1. Collaboration, said Stephen Higgs, will be key to driving success of the NBAF facility in Manhattan, Kan. | 2. “Cancer doesn’t recognize the state line,” said Jeff Reene, addressing the need for collaborative efforts. | 3. A key to driving life-sciences success will be educating a new cohort of skilled biotech workers, said Peter Dorhout. | 4. Changes in federal funding policies compels more collaborative efforts between organizations, said Robert Casillas.

“My mandate is to educate, train and develop scientists for the NBAF,” said Steve Higgs, research director of the Biosecurity Research Institute at Kansas State. NBAF, the National Bio and Agro-Defense Facility, is the planned research facility that will replace the 1950s-era Plum Island facility in New York. The 520,000-square-foot facility is scheduled to become fully operational by 2020 and employ up to 300 people. K-State has fought very hard to secure it and get it funded. Success, said Higgs, will require collaboration between federal labs, like NBAF, and biotech facilities and industries here in the region.

Peter Dorhout, the dean of arts and sciences at K-State, argued that one of the critical missions for everyone around the table would be educating the work force for biotechnology’s future. “One of my goals as dean of arts and sciences,” said Dorhout, “is to really engage graduate students and undergraduate students in the whole inquisitive process of learning about science.”


Bi-State Collaborations

From the windows of Polsinelli Shughart, one can see the state of Kansas less than a mile away. As Kevin Sweeney pointed out, the uniquely bifurcated nature of the region makes competition between the states inevitable, and collaboration difficult. He wondered how institutions dealt with that reality.

“It is not just cross-border collaboration that has to be cultivated here,” said KU’s Joe Heppert. “It is collaboration between institutions that are in the same state.” One challenge for him is to create stronger collaborations between KU and KU Medical Center, which is part of the same system. One area in which KU is looking to foster collaboration, both with K-State and the University of Missouri, is bioinformatics.

“Cancer doesn’t recognize the state line,” said Jeff Reene. He cited the momentum generated by Roy Jensen’s return to the Kansas City area in 2004 to help University of Kansas Cancer Center obtain National Cancer Institute designation.

“It was very apparent that we needed to rise above the traditional challenges there,” said Reene. In creating the Midwest Cancer Alliance, a collaboration of 15 institutions on both sides of the state line, the goal was “to rally together and leverage our collective capabilities in terms of this pursuit of NCI (National Cancer Institute) designation.”

Reene cited two other examples of successful bi-state collaboration, one being the clinical and translational science award that involved seven or eight institutions. “That’s a huge feather in our cap as a region,” said Reene.
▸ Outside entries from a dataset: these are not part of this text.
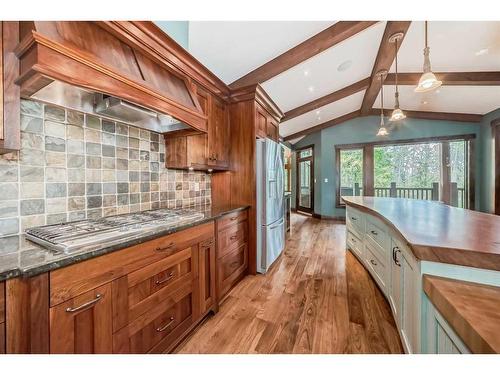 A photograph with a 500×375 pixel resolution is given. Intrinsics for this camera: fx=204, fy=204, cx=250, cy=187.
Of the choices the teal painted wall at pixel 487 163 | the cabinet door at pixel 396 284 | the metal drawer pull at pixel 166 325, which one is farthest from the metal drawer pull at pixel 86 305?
the teal painted wall at pixel 487 163

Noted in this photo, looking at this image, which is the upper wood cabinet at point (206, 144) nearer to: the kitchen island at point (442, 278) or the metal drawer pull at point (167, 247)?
the metal drawer pull at point (167, 247)

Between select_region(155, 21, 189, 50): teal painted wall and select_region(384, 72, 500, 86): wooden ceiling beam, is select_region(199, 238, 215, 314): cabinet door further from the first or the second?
select_region(384, 72, 500, 86): wooden ceiling beam

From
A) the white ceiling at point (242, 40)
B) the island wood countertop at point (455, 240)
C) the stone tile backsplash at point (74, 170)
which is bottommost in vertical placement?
the island wood countertop at point (455, 240)

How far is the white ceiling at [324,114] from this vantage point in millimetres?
4859

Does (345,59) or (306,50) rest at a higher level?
(345,59)

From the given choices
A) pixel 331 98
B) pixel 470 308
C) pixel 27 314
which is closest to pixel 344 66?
pixel 331 98

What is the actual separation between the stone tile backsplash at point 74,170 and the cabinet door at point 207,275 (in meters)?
0.70

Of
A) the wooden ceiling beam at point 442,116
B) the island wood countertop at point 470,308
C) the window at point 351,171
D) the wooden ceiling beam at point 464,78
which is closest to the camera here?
the island wood countertop at point 470,308

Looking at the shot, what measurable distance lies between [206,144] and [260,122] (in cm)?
93

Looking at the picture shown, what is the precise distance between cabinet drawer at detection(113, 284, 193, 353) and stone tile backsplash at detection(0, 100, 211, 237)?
823 millimetres

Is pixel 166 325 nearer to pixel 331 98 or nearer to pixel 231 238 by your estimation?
pixel 231 238

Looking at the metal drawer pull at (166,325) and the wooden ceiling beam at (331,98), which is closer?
the metal drawer pull at (166,325)

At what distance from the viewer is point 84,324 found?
89 centimetres

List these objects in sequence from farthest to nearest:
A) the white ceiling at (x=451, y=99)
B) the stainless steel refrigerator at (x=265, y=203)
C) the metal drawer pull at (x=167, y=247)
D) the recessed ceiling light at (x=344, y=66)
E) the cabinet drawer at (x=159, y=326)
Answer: the white ceiling at (x=451, y=99)
the recessed ceiling light at (x=344, y=66)
the stainless steel refrigerator at (x=265, y=203)
the metal drawer pull at (x=167, y=247)
the cabinet drawer at (x=159, y=326) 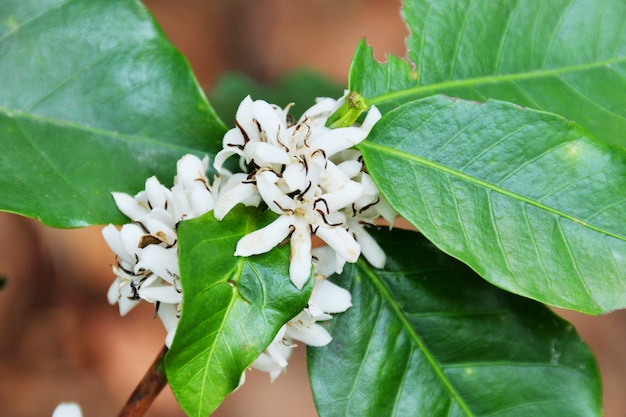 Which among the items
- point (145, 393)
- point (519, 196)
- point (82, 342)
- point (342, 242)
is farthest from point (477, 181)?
point (82, 342)

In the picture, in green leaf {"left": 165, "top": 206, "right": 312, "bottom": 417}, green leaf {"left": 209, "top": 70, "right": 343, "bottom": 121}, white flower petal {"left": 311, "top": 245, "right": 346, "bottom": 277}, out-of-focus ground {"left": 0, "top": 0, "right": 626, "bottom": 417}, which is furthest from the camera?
out-of-focus ground {"left": 0, "top": 0, "right": 626, "bottom": 417}

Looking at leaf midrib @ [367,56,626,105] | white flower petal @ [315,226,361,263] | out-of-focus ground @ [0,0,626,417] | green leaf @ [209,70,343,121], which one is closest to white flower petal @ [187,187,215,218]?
white flower petal @ [315,226,361,263]

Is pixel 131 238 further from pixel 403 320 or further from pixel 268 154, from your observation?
pixel 403 320

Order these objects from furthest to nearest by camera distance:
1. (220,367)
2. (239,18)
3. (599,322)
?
1. (239,18)
2. (599,322)
3. (220,367)

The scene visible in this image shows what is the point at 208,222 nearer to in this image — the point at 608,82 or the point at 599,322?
the point at 608,82

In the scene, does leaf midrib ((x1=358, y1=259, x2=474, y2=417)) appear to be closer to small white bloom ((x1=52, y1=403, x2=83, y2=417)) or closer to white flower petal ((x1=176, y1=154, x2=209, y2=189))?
white flower petal ((x1=176, y1=154, x2=209, y2=189))

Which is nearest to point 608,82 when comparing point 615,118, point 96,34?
point 615,118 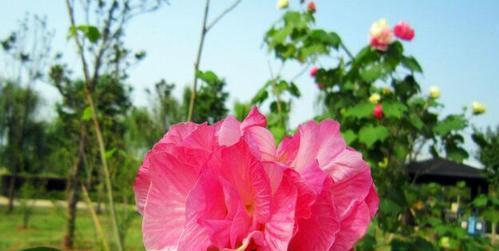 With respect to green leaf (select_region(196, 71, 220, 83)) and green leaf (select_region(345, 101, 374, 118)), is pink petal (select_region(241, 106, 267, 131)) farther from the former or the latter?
green leaf (select_region(345, 101, 374, 118))

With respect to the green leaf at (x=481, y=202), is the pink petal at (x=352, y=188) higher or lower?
higher

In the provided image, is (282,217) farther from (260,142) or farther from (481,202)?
(481,202)

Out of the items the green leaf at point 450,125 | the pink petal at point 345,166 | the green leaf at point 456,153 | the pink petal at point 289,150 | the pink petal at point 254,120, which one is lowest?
the green leaf at point 456,153

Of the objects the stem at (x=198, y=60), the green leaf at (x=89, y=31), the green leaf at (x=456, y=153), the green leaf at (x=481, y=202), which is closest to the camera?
the stem at (x=198, y=60)

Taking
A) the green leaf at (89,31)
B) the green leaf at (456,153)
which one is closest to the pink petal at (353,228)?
the green leaf at (89,31)

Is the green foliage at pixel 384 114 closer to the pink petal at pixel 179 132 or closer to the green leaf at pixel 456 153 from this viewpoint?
the green leaf at pixel 456 153

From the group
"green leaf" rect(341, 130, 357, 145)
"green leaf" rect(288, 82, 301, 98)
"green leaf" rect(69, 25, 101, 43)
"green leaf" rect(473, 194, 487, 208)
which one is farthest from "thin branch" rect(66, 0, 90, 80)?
"green leaf" rect(473, 194, 487, 208)

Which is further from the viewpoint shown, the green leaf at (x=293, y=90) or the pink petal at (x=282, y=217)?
the green leaf at (x=293, y=90)

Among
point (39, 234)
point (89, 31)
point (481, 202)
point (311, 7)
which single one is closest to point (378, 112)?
point (311, 7)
A third example is the IAMI, the Institute for Advancing Medical Innovation at KU Med Center funded by a Kauffman Foundation grant. “We’ve had some phenomenal early results there in terms of collaborations with Children’s Mercy,” said Reene. “We intentionally set aside the state line. We’re not big enough to figure this out alone. We’ve got to figure out how to collaborate.”

As Dan Getman observed, there is an intense competition for funding at the national level, and most of the grants now require cross-institutional collaborations. In the region, he noted, each of the different institutions has unique strengths. “Rather than trying to elevate every area at each institution,” he recommended that area institutions “build on our strengths.” That is already occurring. “If we don’t do that,” he added, “we won’t be able to compete nationally.”

According to Robert Casillas, MRIGlobal has succeeded with partnerships not just across state lines but within the larger region. “It is a business model for MRIGlobal to partner,” said Casillas. The federal funding environment all but demands “pre-partnering.”